Keeping the Torah's mitzvos is easy, right?! Shabbat - going home early on Fridays in the winter; keeping kosher - even in business, at birthday parties, and on holiday; Yom Tov - taking off all of those days from work; learning Torah- - going to Jewish day school, cheder, adult education classes - it's as easy as pie, right? Yes, it is, if we have the right attitude. If we see the Torah as a burden - and restrictive - then it is hard. If we see it as freeing us to get the most meaning and fulfilment out of our lives, then it is easy and enjoyable. So the Torah says in this week's Sedra: "

...it is not hidden from you and it is not distant. It is not in heaven, [for you] to say, 'Who can ascend to the heaven for us and take it for us, so that we can listen to it and perform it?' Nor is it across the sea, [for you] to say, 'Who can cross to the other side of the sea for us and take it for us, so that we can listen to it and perform it?' Rather, the matter is very near to you - in your mouth and your heart - to perform it."

Rabbi Tzvi Hirsch Farber explains: "...it is not hidden from you means it is not too difficult for you. It is not only for the Jews of the "old country" or for "rabbis." It belongs to you - yes you! It is up to you to elevate and inspire yourself to keep the Torah - and the Torah will, in turn, inspire you.

The Torah "is not in heaven" because from the day it was given it lives here, on earth, within our grasp and within our reach. In his work Derech Hashem, Rabbi Moshe Chaim Luzatto says that this world is a world of striving and effort - and this is where the Torah is most applicable - to help guide us 's we work though daily life. As we say in Hallel: "Hashomayim, Shomayim L'Hashem - Ve'ha'aretz nasan livnei adam - The heavens belong to Hashem, but the earth is man's".

This means that each us of can find meaning in everyday life. We don't only have to wait for a bar mitzvah, wedding or family simcha to find spirituality. We can find it "within ourselves - in our mouth and in our heart". How? Consider a small example of making a bracha on an apple. Take the apple in your hand and ask yourself: "Where did this apple come from?" From a tree. Where did the tree come from? From a seed in an apple. Where did that apple come from? From a tree. Where did that tree come from? From a seed in an apple. Where does this chain end? At the very first tree in the Garden of Eden.

When you make a bracha on this one apple, you are actually recognising the whole chain of apples - seeds, trees, apples... going back to the first tree Hashem made. When you think about it, you are really saying this: "Hashem, when you made the first tree, you knew that one day I would benefit from this particular apple.

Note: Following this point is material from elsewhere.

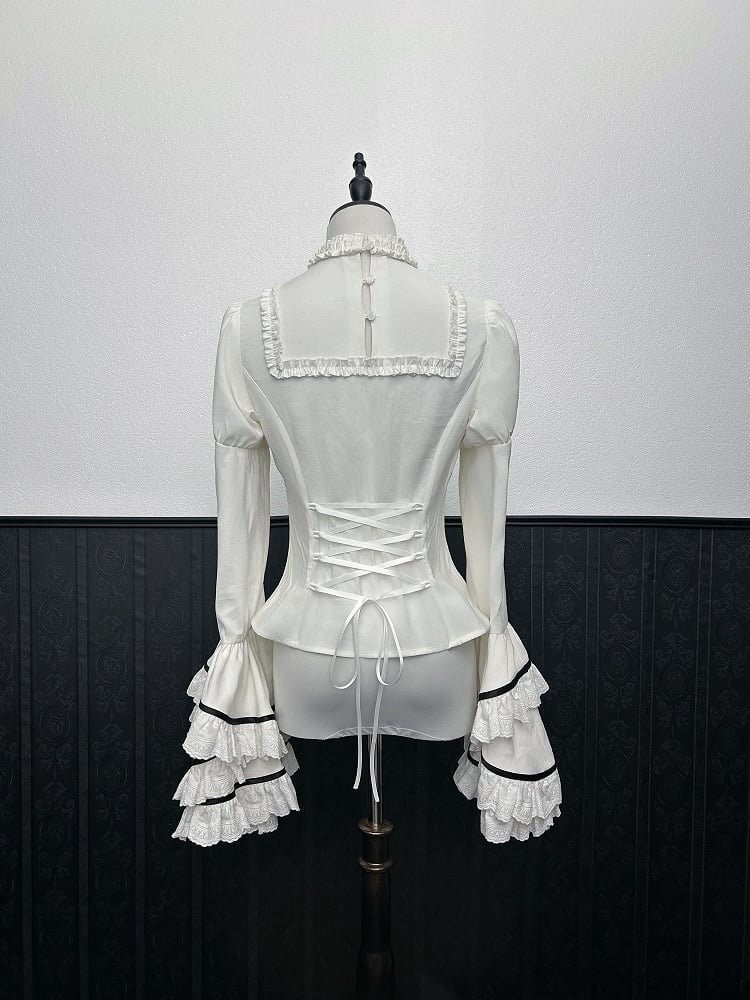 Sleeves Layered White Blouse Ruffled Neck Bell
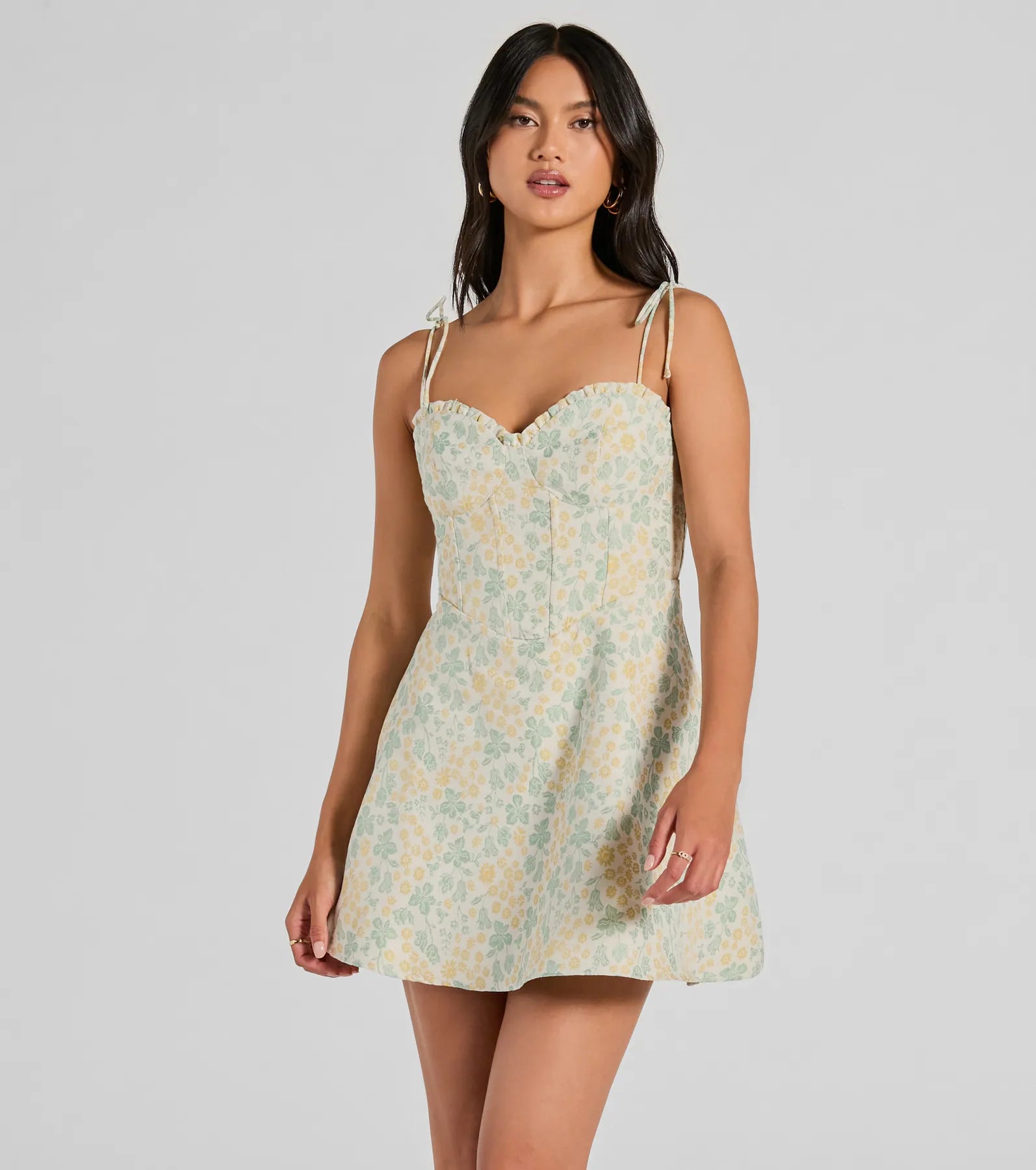 Ultimate Feminine Floral Jacquard Skater Dress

You had me in mind at the time of Creation. You are giving me this apple now, because you want to have a relationship with me. I want to say thank you by making a bracha and thus have a personal relationship with You.

In this way, "it is within your mouth" to feel spiritual and to meaningfully connect with Hashem, just by recognising G-d as the source of this apple. So, within this world, right here, right now, you can engage in a personal one to one with G-d. It is within your reach -just as close as the next apple!